Please set down only the lines below starting with the line with "4 1040 PARKER" and going on through the line with "7806 W 144th Ter, Overland Park, KS 66223", verbatim and without pictures.

BEGIN Available data

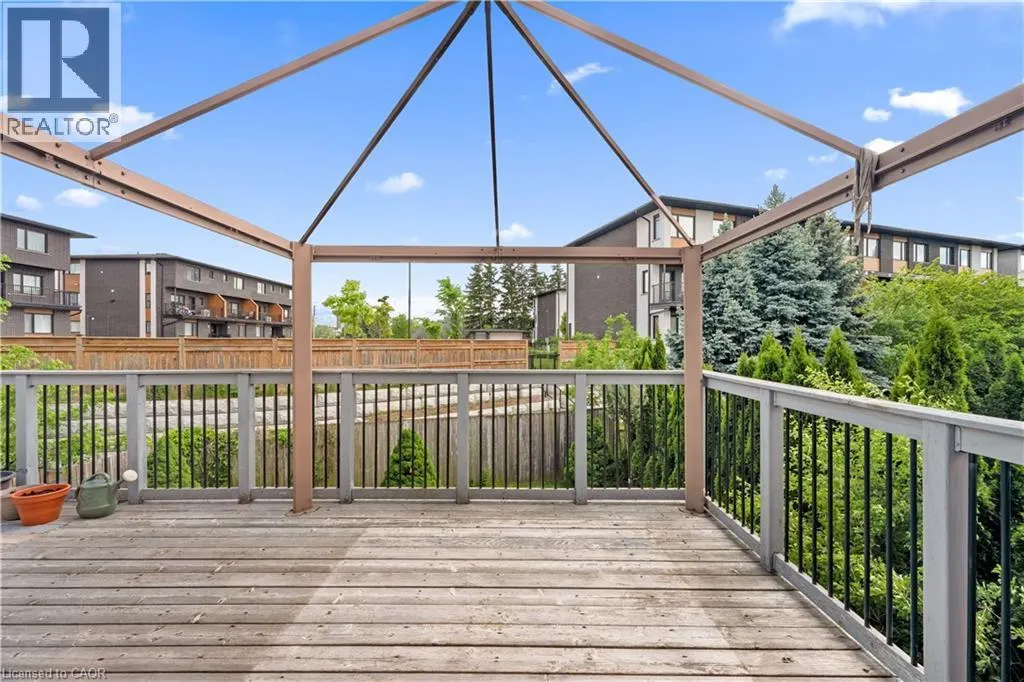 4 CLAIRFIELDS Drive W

END Available data
BEGIN Available data

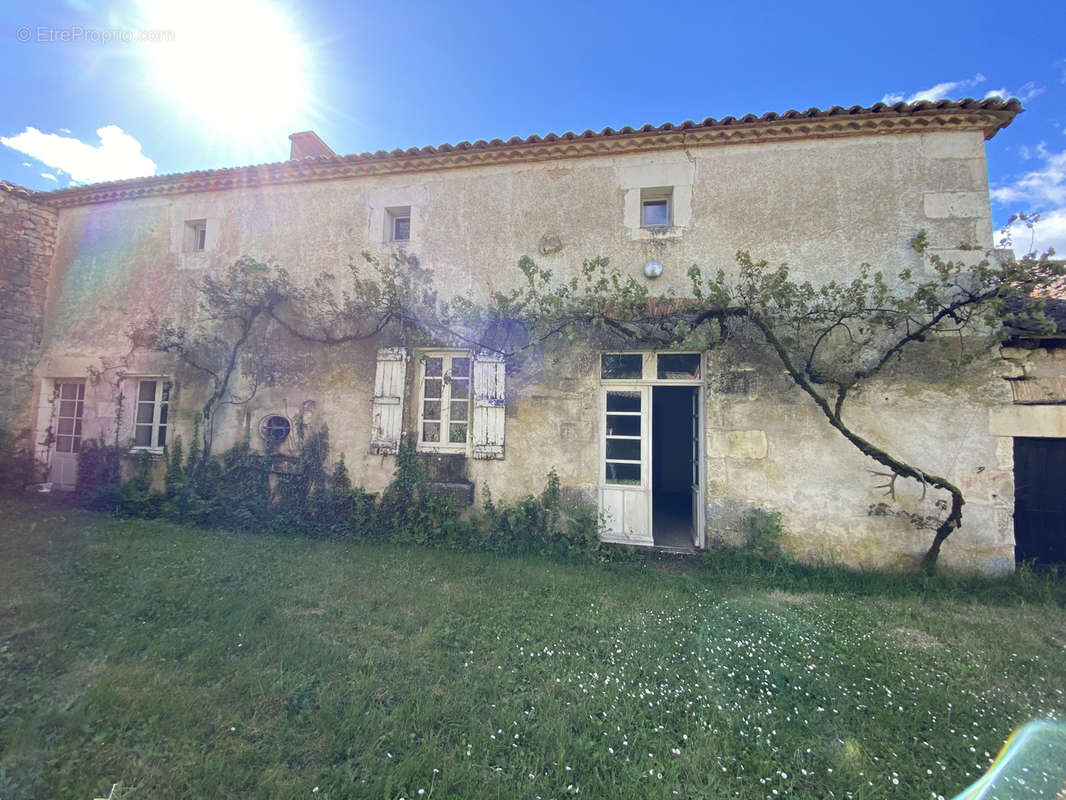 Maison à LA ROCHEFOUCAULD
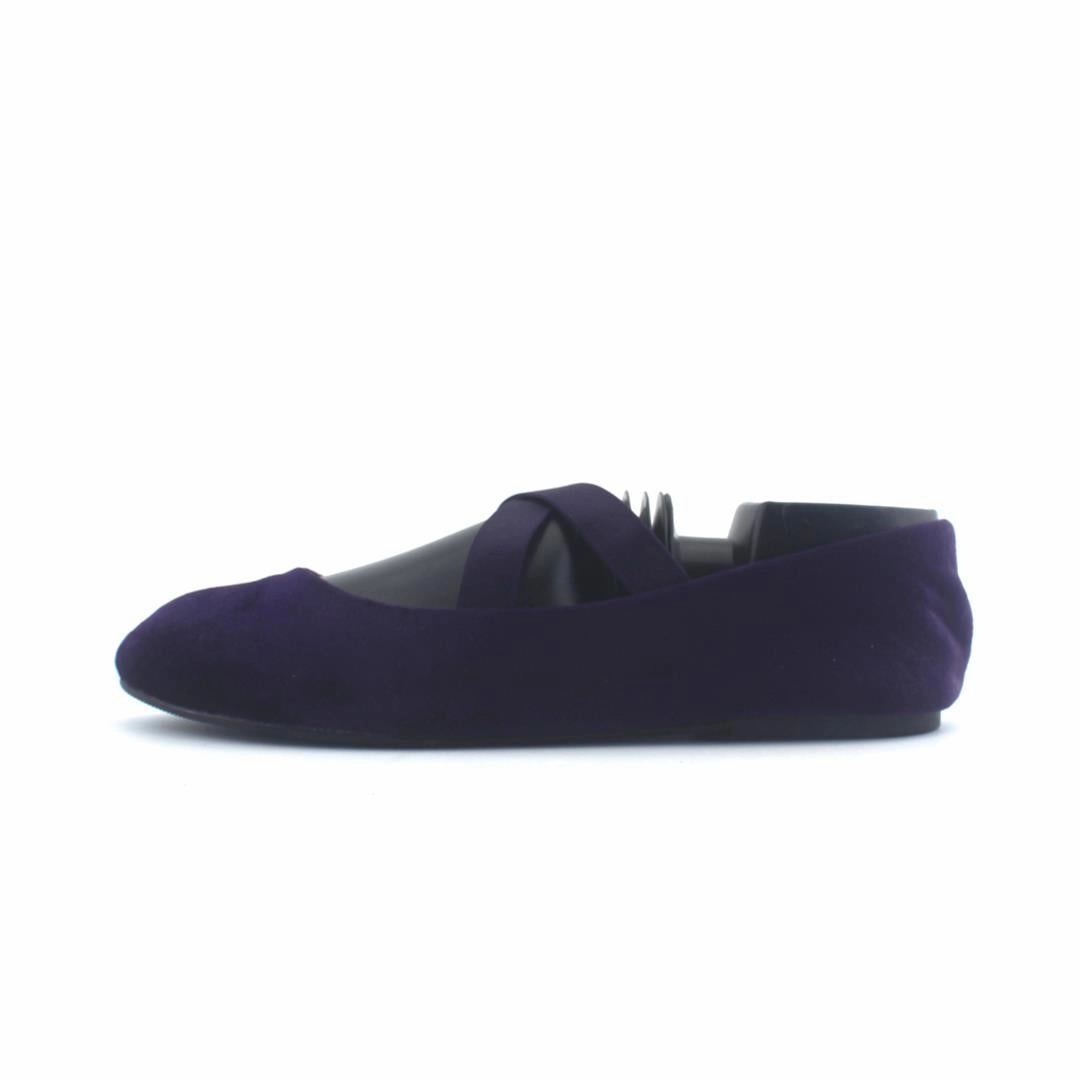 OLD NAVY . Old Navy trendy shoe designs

END Available data
BEGIN Available data

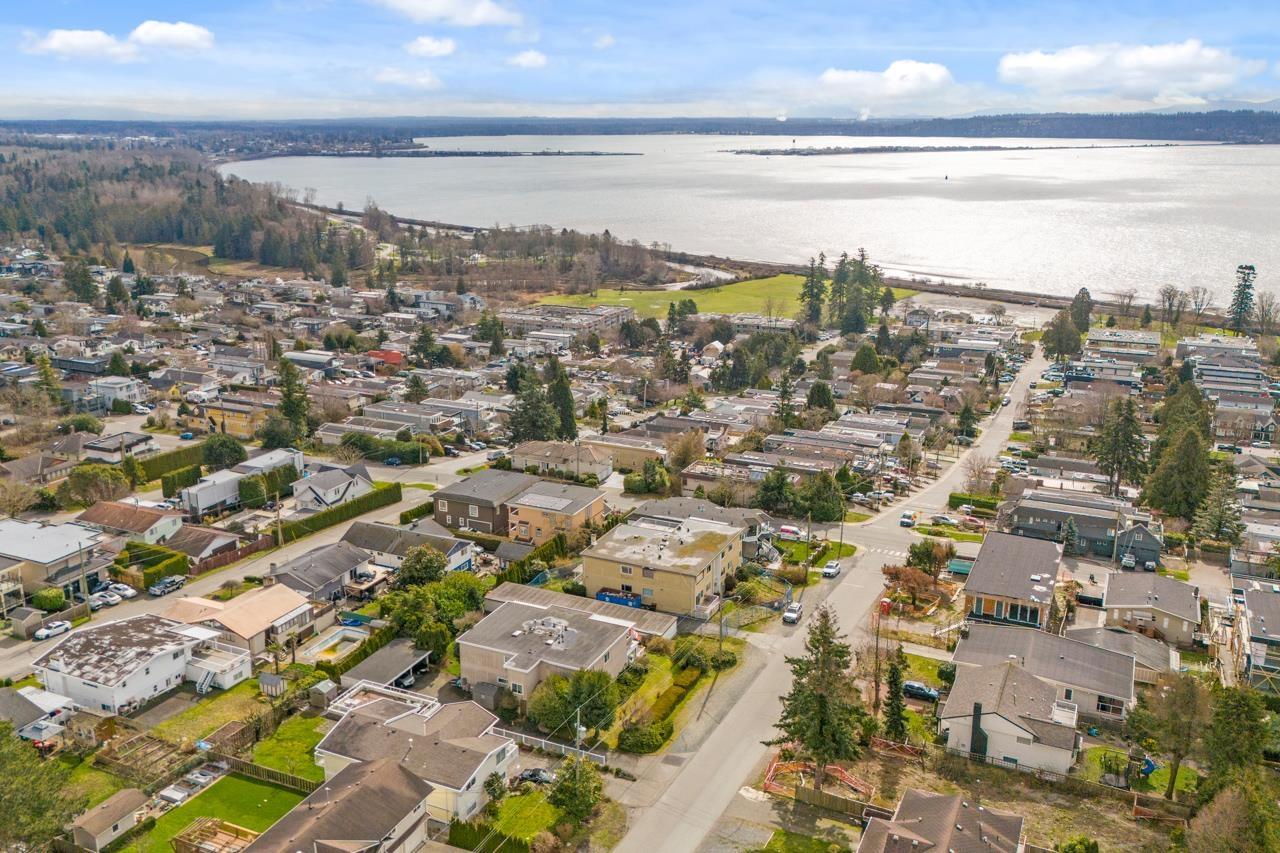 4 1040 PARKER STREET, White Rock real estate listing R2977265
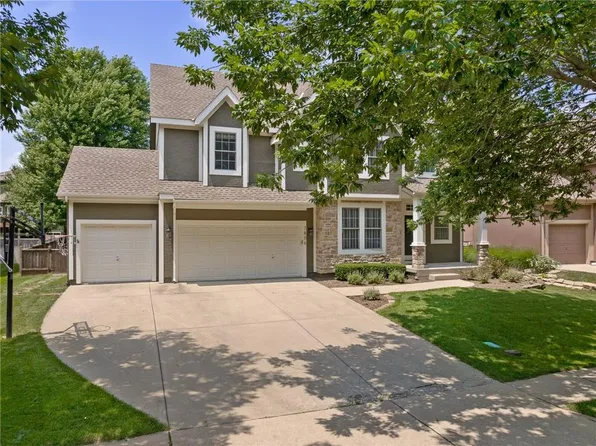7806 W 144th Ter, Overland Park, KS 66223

END Available data

### The completed task
 4 1040 PARKER STREET, White Rock real estate listing R2977265
7806 W 144th Ter, Overland Park, KS 66223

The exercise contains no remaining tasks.